**** Supplied records

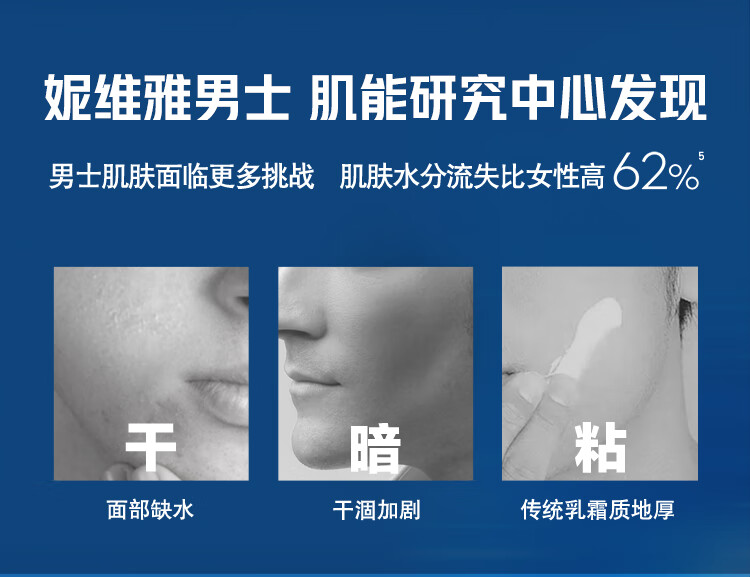 妮维雅（NIVEA）男士护肤品保湿滋润补水乳液面霜水活畅透深润霜50g双支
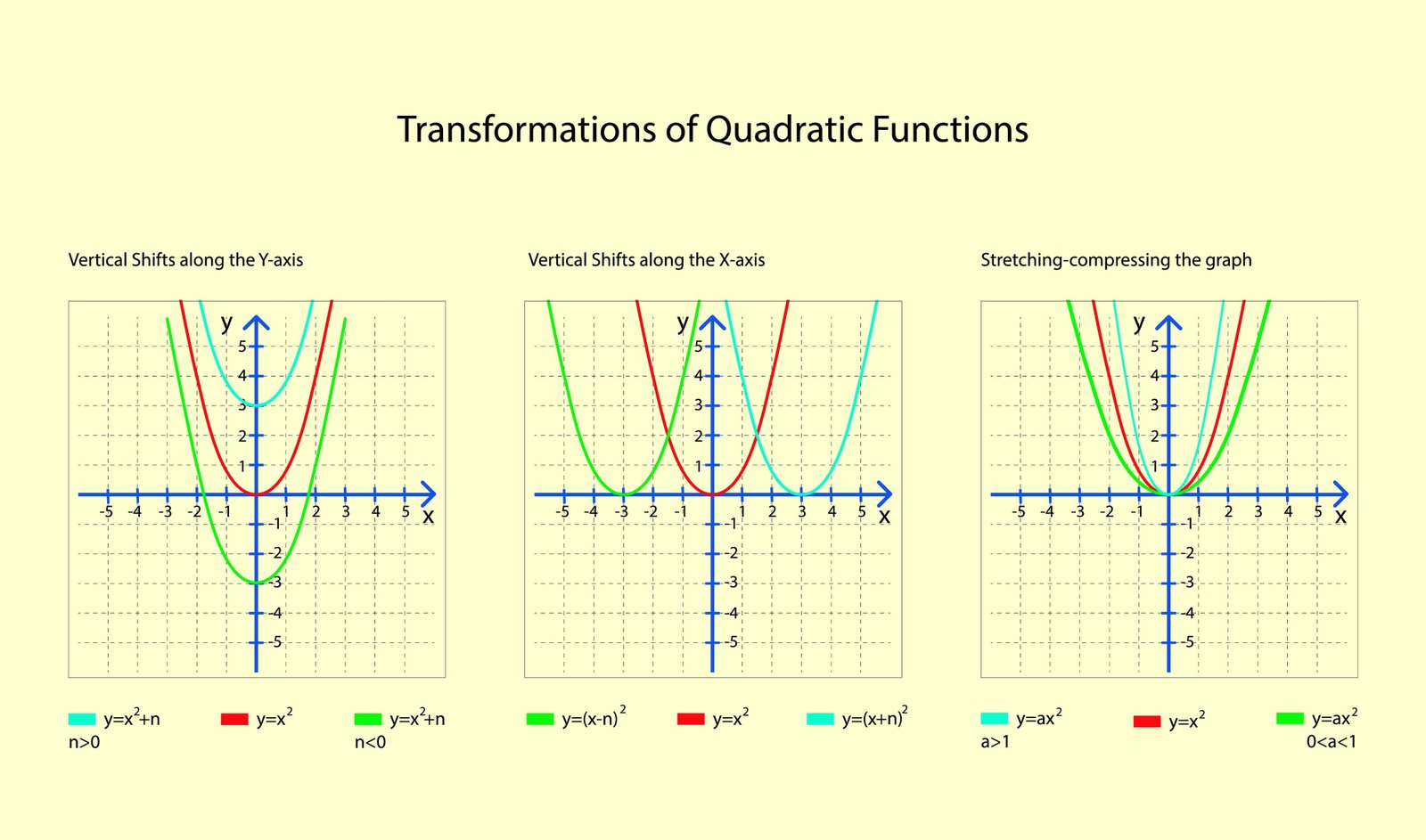 Exploring Graph Transformations of Quadratic Functions Online Practical ...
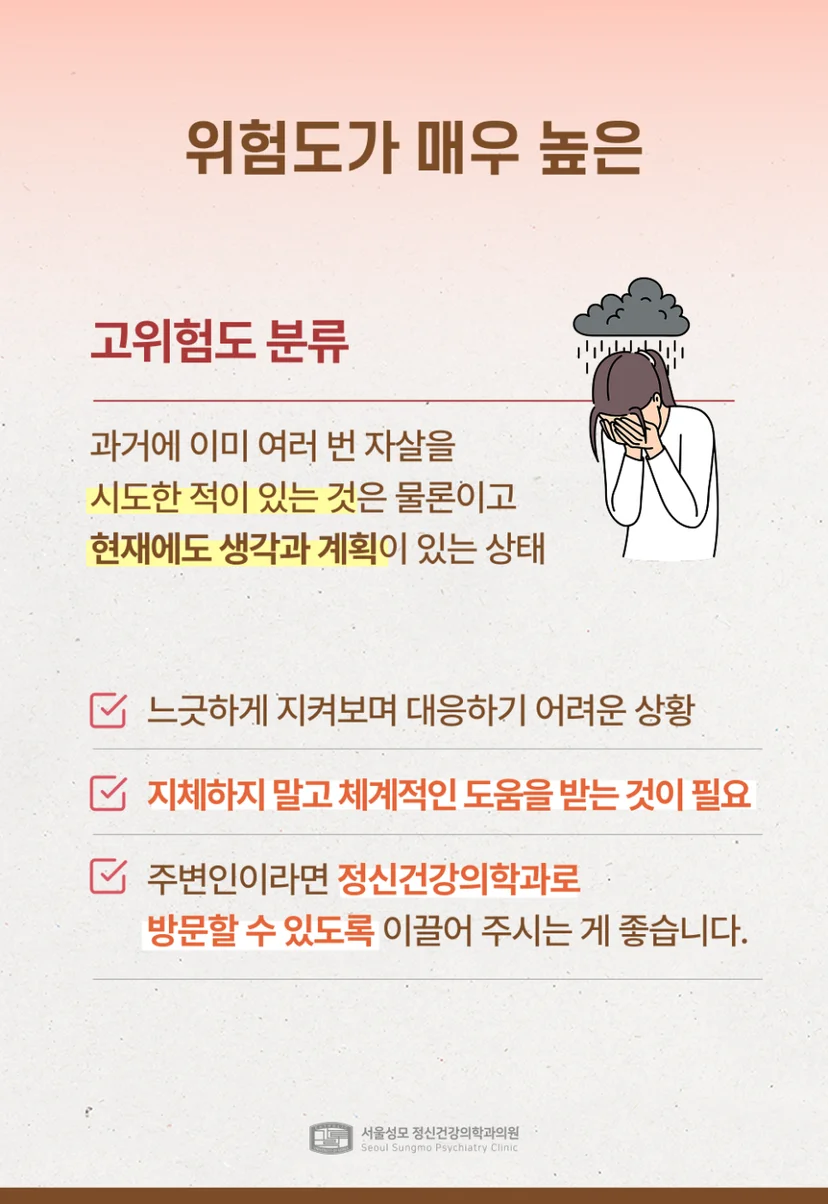 자살 고위험도 분류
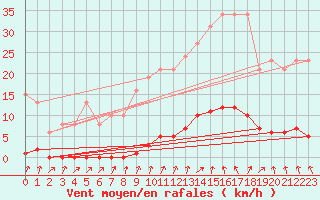 Courbe de la force du vent pour Le Mesnil-Esnard (76)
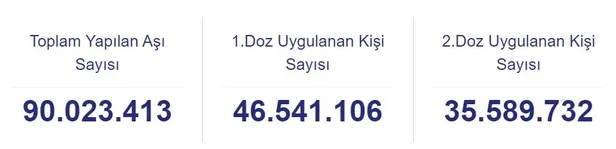 Koronavirüsle mücadelede ülke genelinde uygulanan toplam aşı miktarı 90 milyon dozu geçti! Bakan Koca'dan flaş açıklama-3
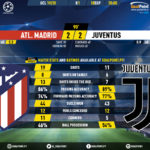GoalPoint-Atletico-Madrid-Juventus-Champions-League-201920-90m
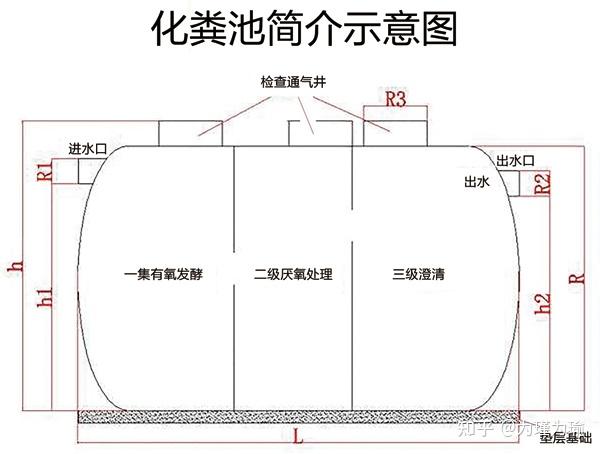 关于乡村改厕
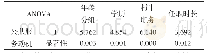 表4 公共服务动机——个人特征方差分析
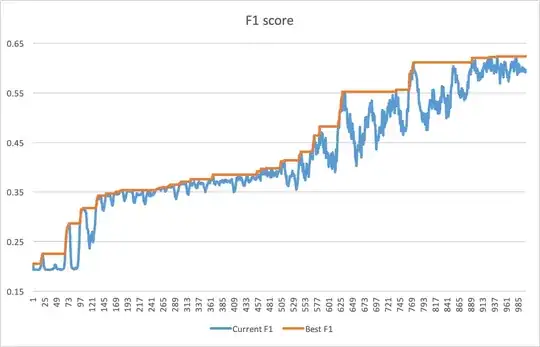 The macro f1 score during the 1000 epochs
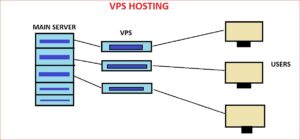 VPS hosting in hindi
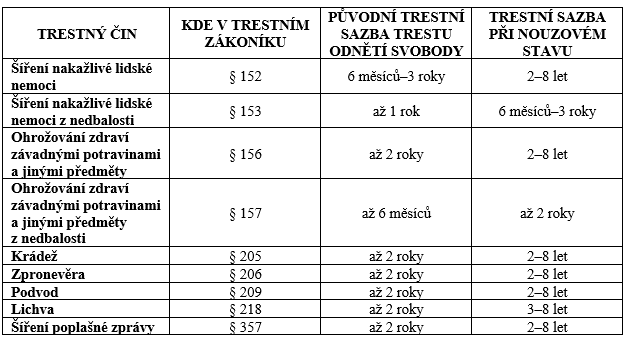 156 ods.2 písm a trestného zákona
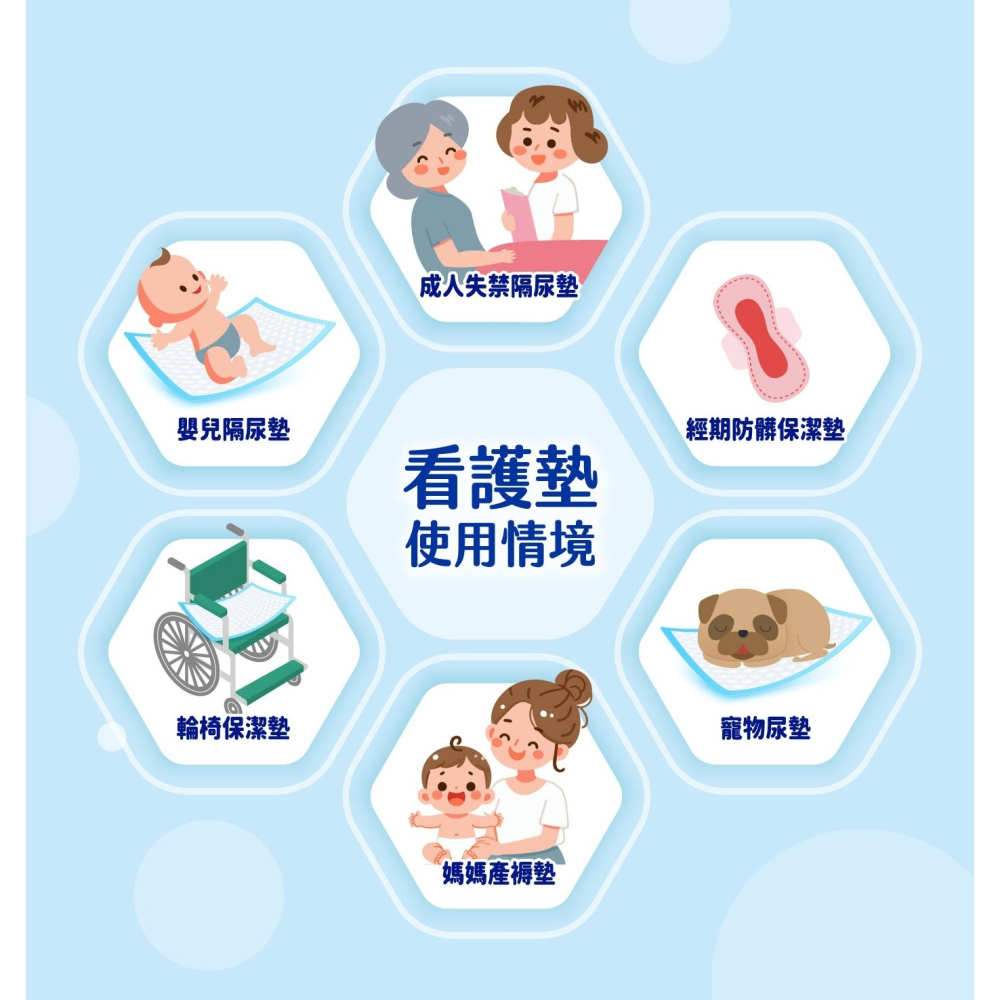 好市多代購(線上) #152428 安安 成人看護墊L號 10片 X 12包-細節圖6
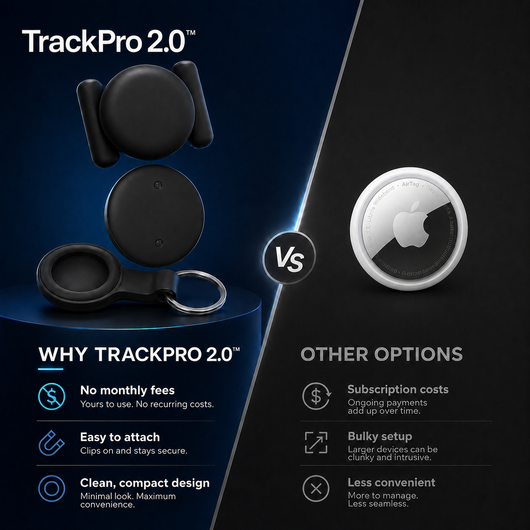 TrackPro 2.0™ Magnetic GPS Tracker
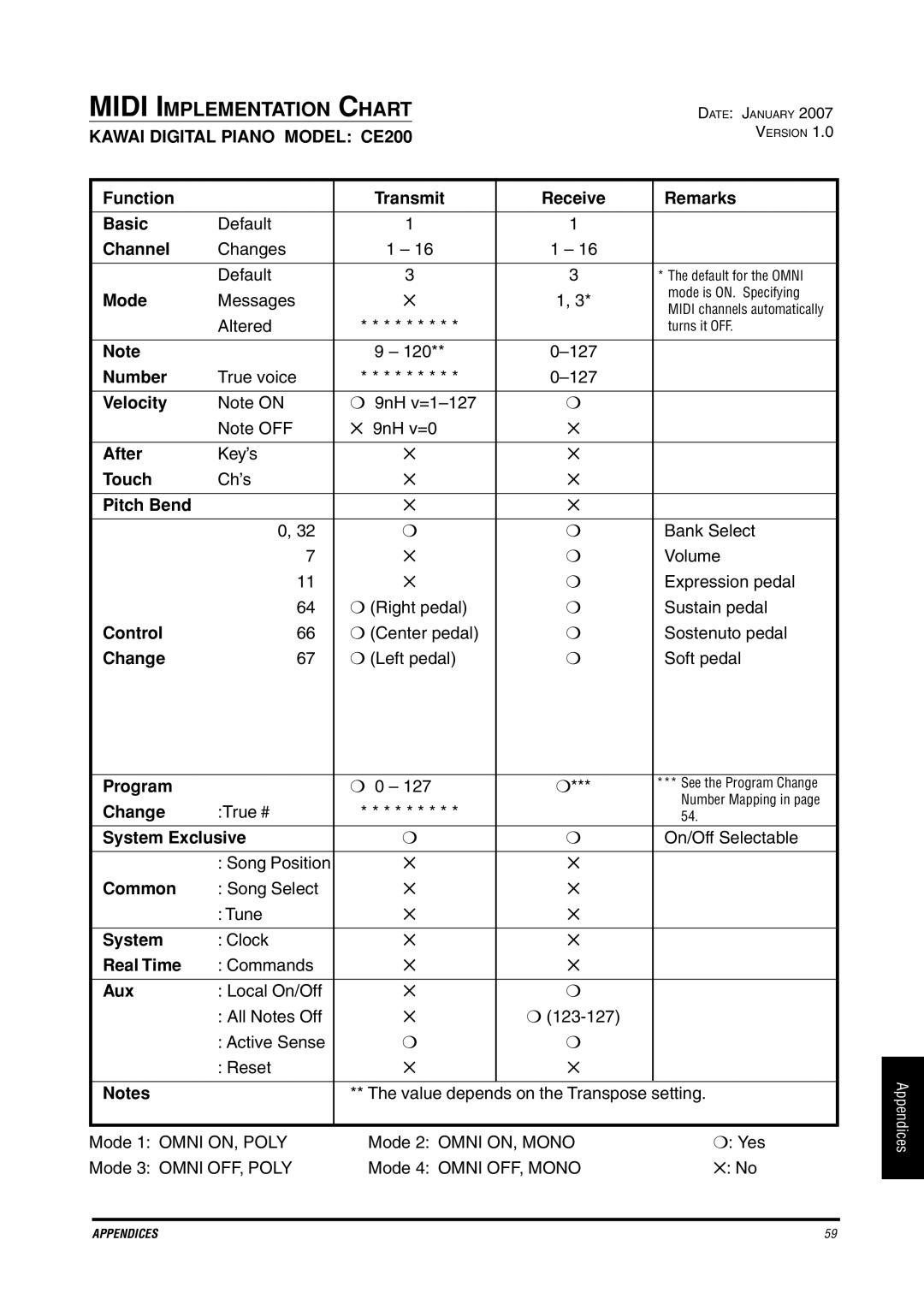 Kawai manual Midi Implementation Chart, Kawai Digital Piano Model CE200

********

# What to produce
Produce an exact copy of every line above, with the images left out.

# Response area
 妮维雅（NIVEA）男士护肤品保湿滋润补水乳液面霜水活畅透深润霜50g双支
 Exploring Graph Transformations of Quadratic Functions Online Practical ...
 자살 고위험도 분류
 Courbe de la force du vent pour Le Mesnil-Esnard (76)
 Koronavirüsle mücadelede ülke genelinde uygulanan toplam aşı miktarı 90 milyon dozu geçti! Bakan Koca'dan flaş açıklama-3
GoalPoint-Atletico-Madrid-Juventus-Champions-League-201920-90m
 关于乡村改厕
 表4 公共服务动机——个人特征方差分析
 The macro f1 score during the 1000 epochs
 VPS hosting in hindi
 156 ods.2 písm a trestného zákona
 好市多代購(線上) #152428 安安 成人看護墊L號 10片 X 12包-細節圖6
 TrackPro 2.0™ Magnetic GPS Tracker
 Kawai manual Midi Implementation Chart, Kawai Digital Piano Model CE200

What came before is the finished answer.